**Description of the task:** A verbatim copy of the data is wanted, minus any picture in it.

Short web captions
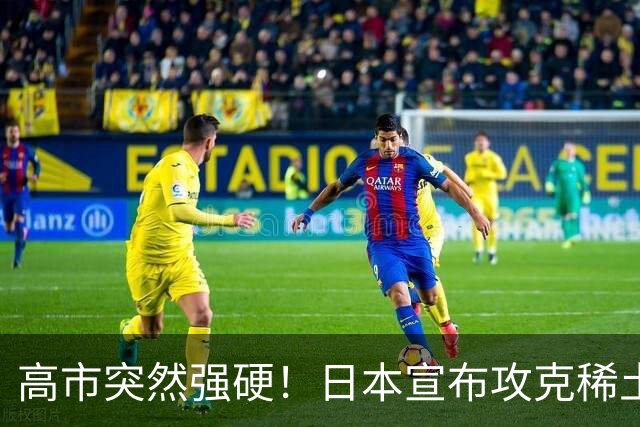 高市突然强硬！日本宣布攻克稀土磁铁，外媒：稀土牌恐将失效？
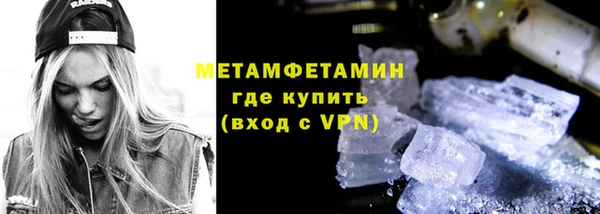 mdpv Гусев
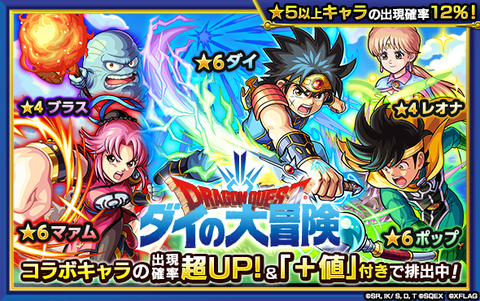 モンスト炎上 モンタナ事件 モンフェス事件 に匹敵 3大炎上事件 に新たな歴史が刻まれた模様wwwwwww 画像あり モンスト炎上 モンタナ事件 モンフェス事件 に匹敵 3大炎上事件 に新たな歴史が刻まれた模様wwwwwww 画像あり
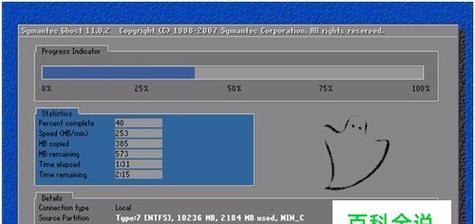 Win7系统安装教程（Win7系统安装教程及常见问题解答）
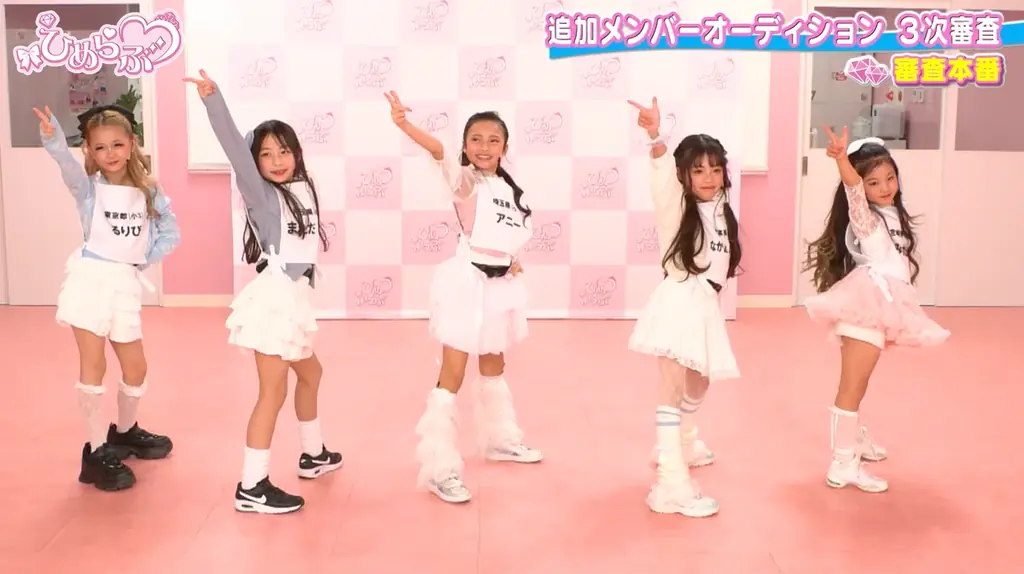 【ひめらぶ追加メンバーオーディション】第6回配信！元AKB48高城亜樹がゲスト審査員に降臨。20日間の集大成、涙の最終パフォーマンス！ 画像 3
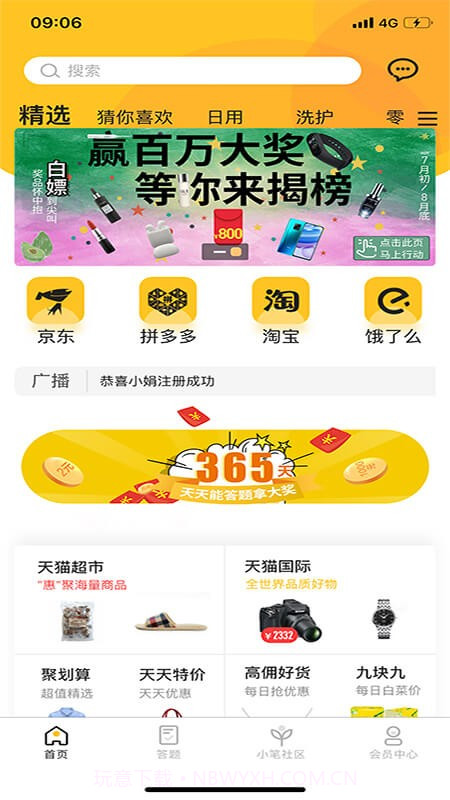 小小铅笔侠截图4 小小铅笔侠截图4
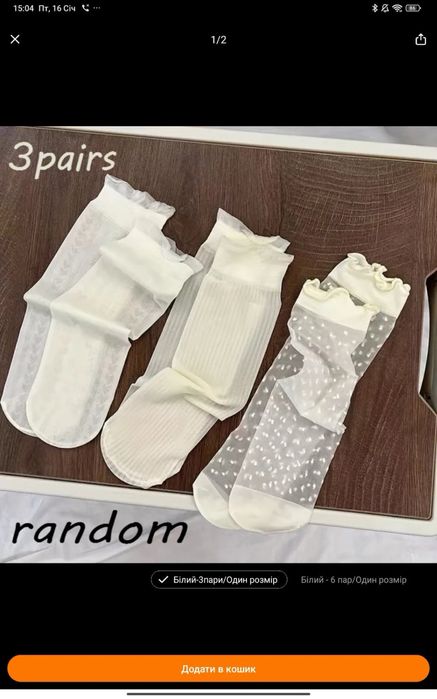 Копронові шкарпетки. Капроновые носки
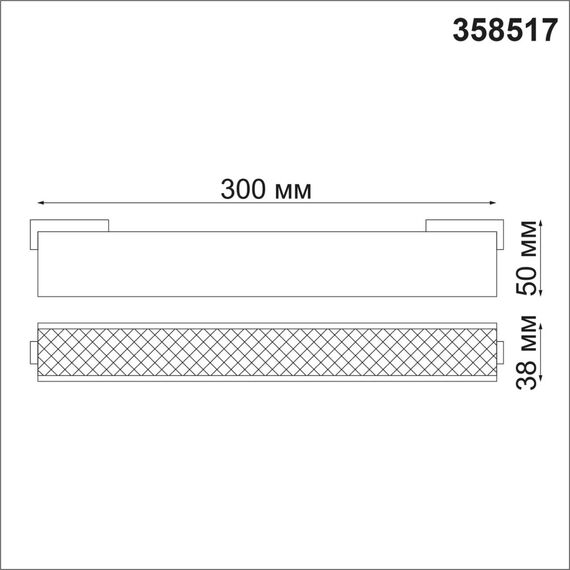 NOVOTECH 358517 SHINO NT21 082 черный Трековый светильник для низковольного шинопровода IP20 LED 4000K 12W 48V KIT, изображение 2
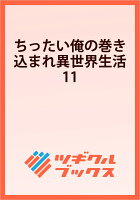 ちったい俺の巻き込まれ異世界生活11
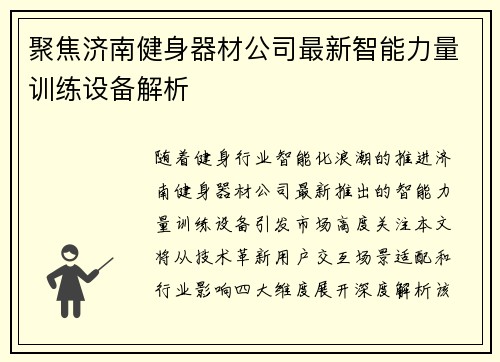 聚焦济南健身器材公司最新智能力量训练设备解析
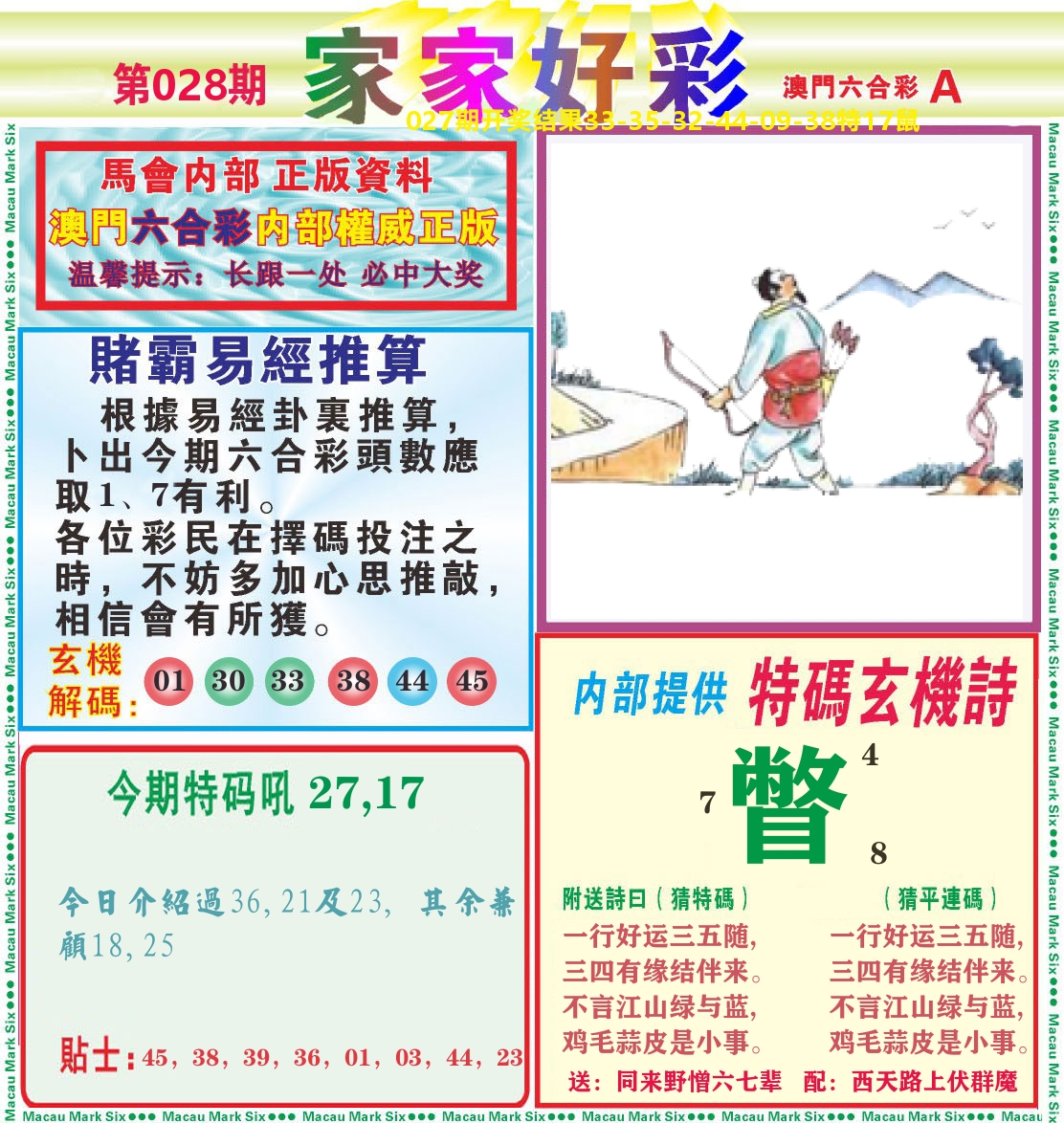 家家好彩A 第28期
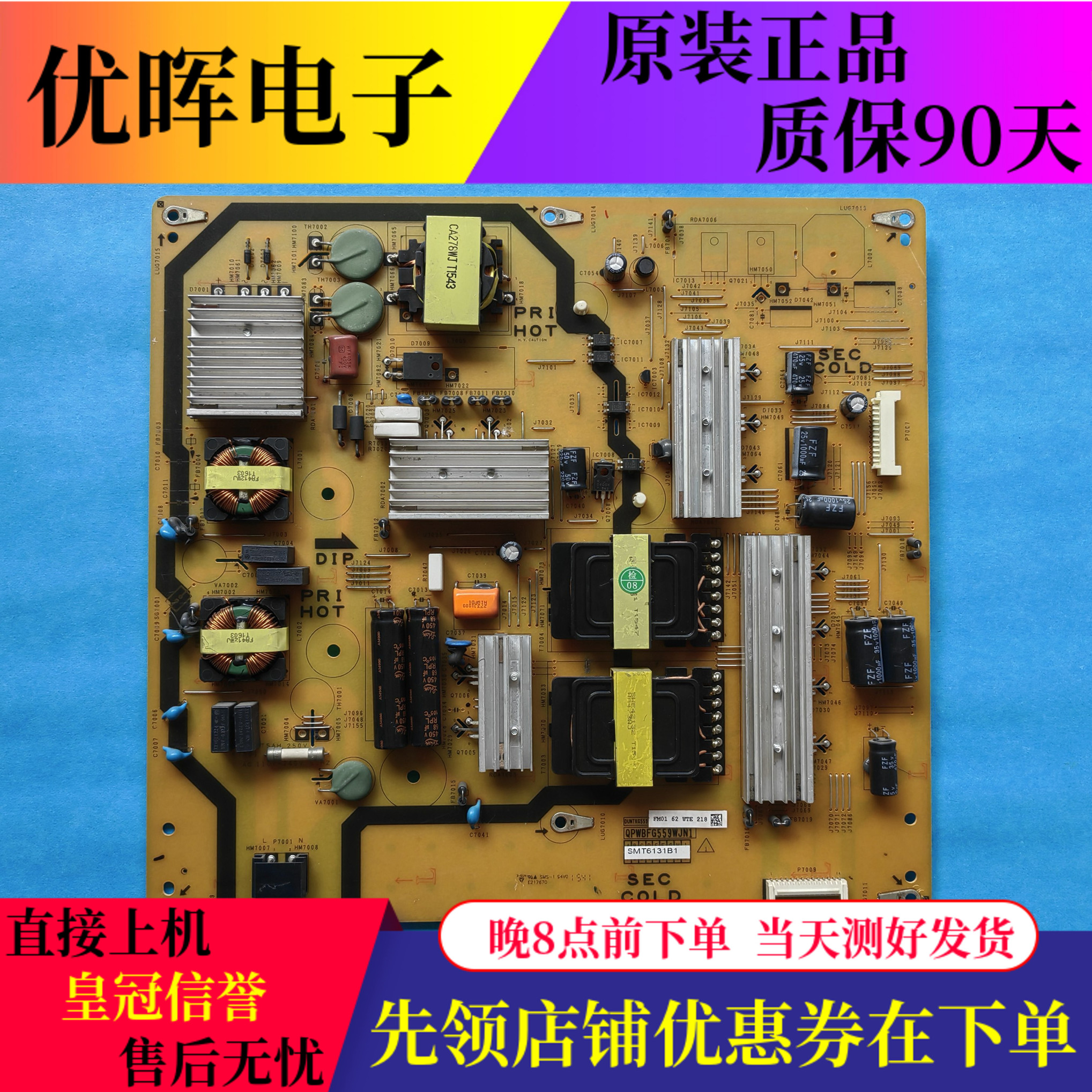 WBF(wbfs是什么文件)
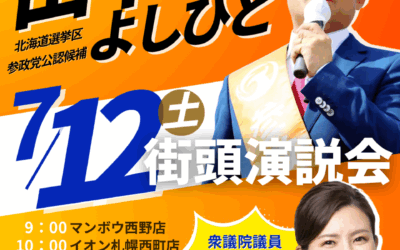 7/12(土)【田中よしひと・吉川りな 街頭演説】@札幌市西区～北区～中央区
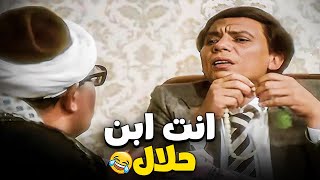 عادل امام احترف النص وبقى نصاب محترف والناس هى اللى بتجرى تديلو فلوسها 😂 كوميديا الزعيم [upl. by Golden]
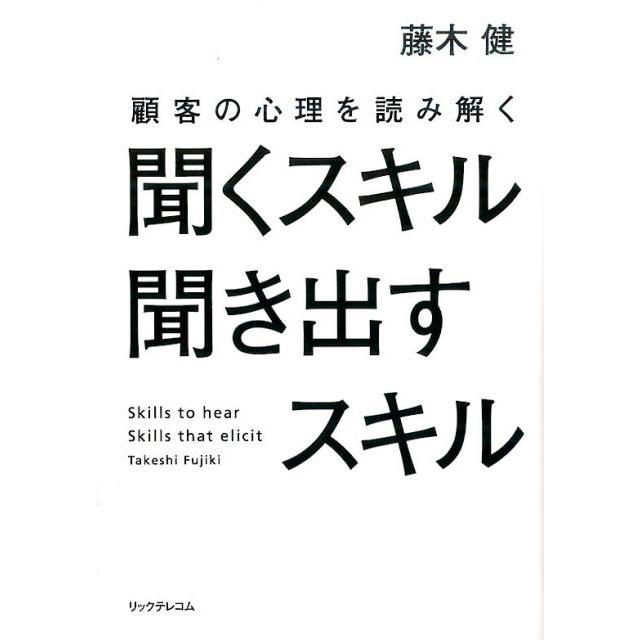 聞くスキル聞き出すスキル 顧客の心理を読み解く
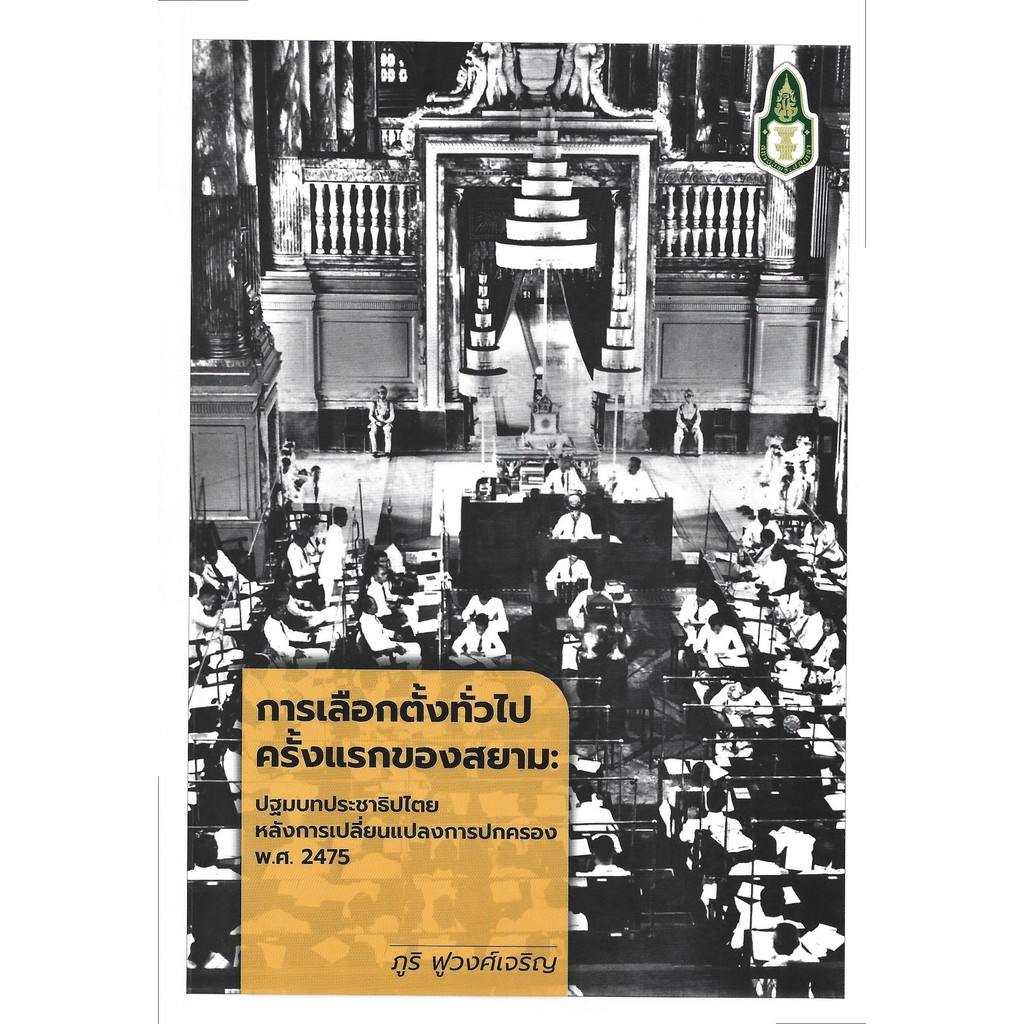 การเลือกตั้งทั่วไปครั้งแรกของสยาม: ปฐมบทประชาธิปไตยหลังการเปลี่ยนแปลงการปกครอง พ.ศ. 2475 - ภูริ ฟูวง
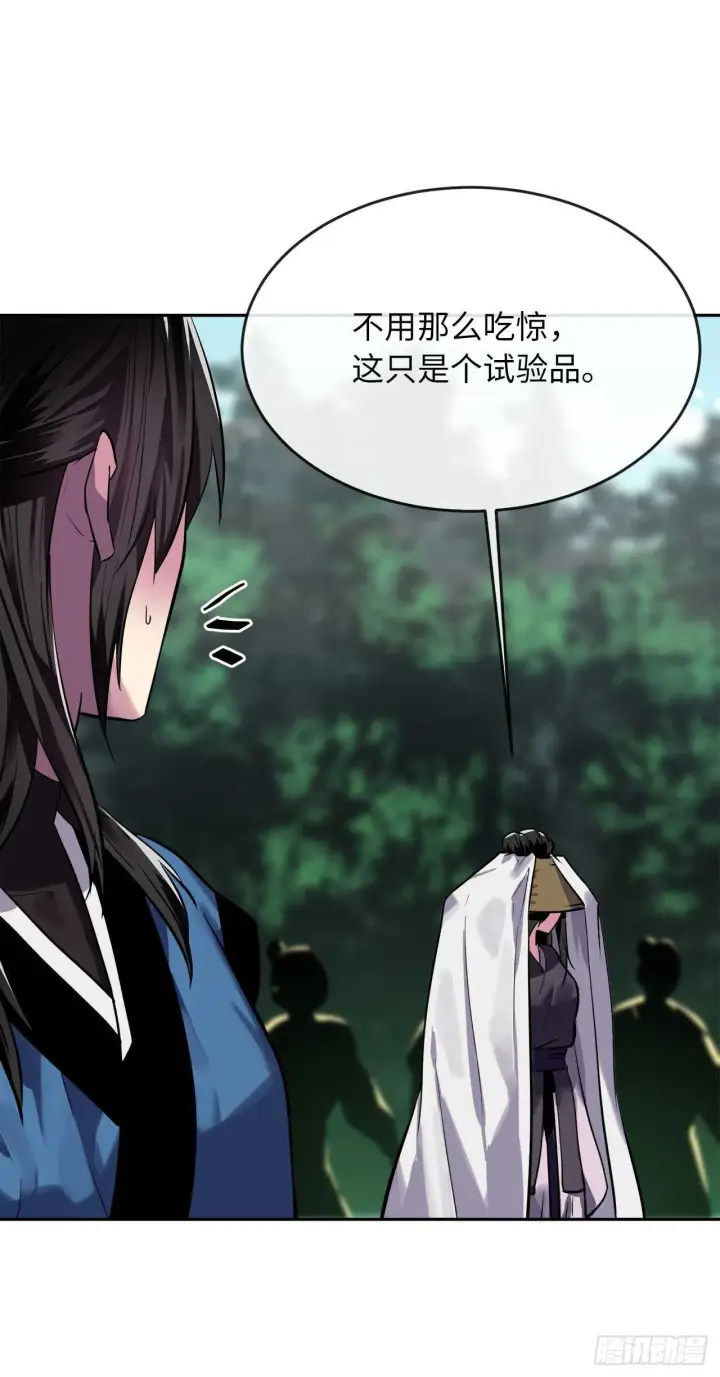 漫画《废柴重生之我要当大佬》145.以一当十第65张图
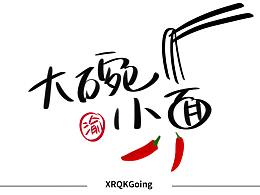 大碗小面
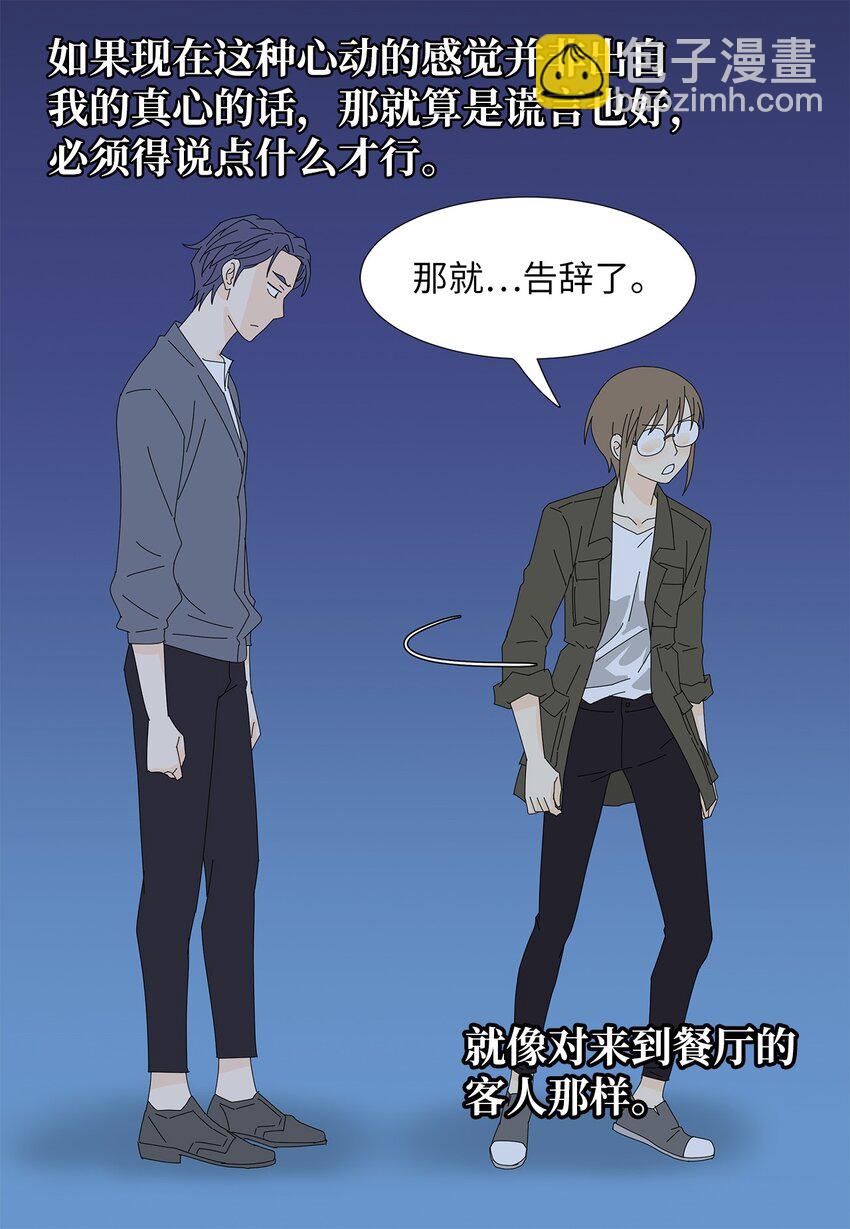 《吸血鬼厨师》28 破车与新车 第36页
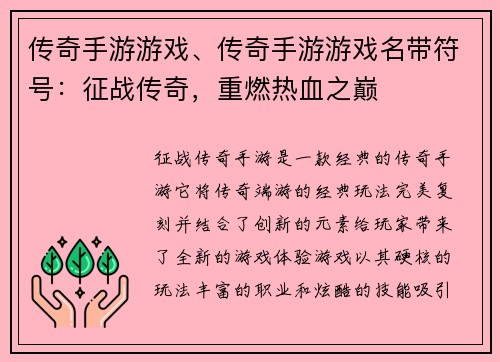 传奇手游游戏、传奇手游游戏名带符号：征战传奇，重燃热血之巅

**Exercise solution:**
 高市突然强硬！日本宣布攻克稀土磁铁，外媒：稀土牌恐将失效？
 mdpv Гусев
 モンスト炎上 モンタナ事件 モンフェス事件 に匹敵 3大炎上事件 に新たな歴史が刻まれた模様wwwwwww 画像あり モンスト炎上 モンタナ事件 モンフェス事件 に匹敵 3大炎上事件 に新たな歴史が刻まれた模様wwwwwww 画像あり
 Win7系统安装教程（Win7系统安装教程及常见问题解答）
 【ひめらぶ追加メンバーオーディション】第6回配信！元AKB48高城亜樹がゲスト審査員に降臨。20日間の集大成、涙の最終パフォーマンス！ 画像 3
 小小铅笔侠截图4 小小铅笔侠截图4
 Копронові шкарпетки. Капроновые носки
 NOVOTECH 358517 SHINO NT21 082 черный Трековый светильник для низковольного шинопровода IP20 LED 4000K 12W 48V KIT, изображение 2
 ちったい俺の巻き込まれ異世界生活11
 聚焦济南健身器材公司最新智能力量训练设备解析
 家家好彩A 第28期
 WBF(wbfs是什么文件)
 7/12(土)【田中よしひと・吉川りな 街頭演説】@札幌市西区～北区～中央区
 عادل امام احترف النص وبقى نصاب محترف والناس هى اللى بتجرى تديلو فلوسها 😂 كوميديا الزعيم [upl. by Golden]
 聞くスキル聞き出すスキル 顧客の心理を読み解く
 การเลือกตั้งทั่วไปครั้งแรกของสยาม: ปฐมบทประชาธิปไตยหลังการเปลี่ยนแปลงการปกครอง พ.ศ. 2475 - ภูริ ฟูวง
 漫画《废柴重生之我要当大佬》145.以一当十第65张图
 大碗小面
 《吸血鬼厨师》28 破车与新车 第36页
 传奇手游游戏、传奇手游游戏名带符号：征战传奇，重燃热血之巅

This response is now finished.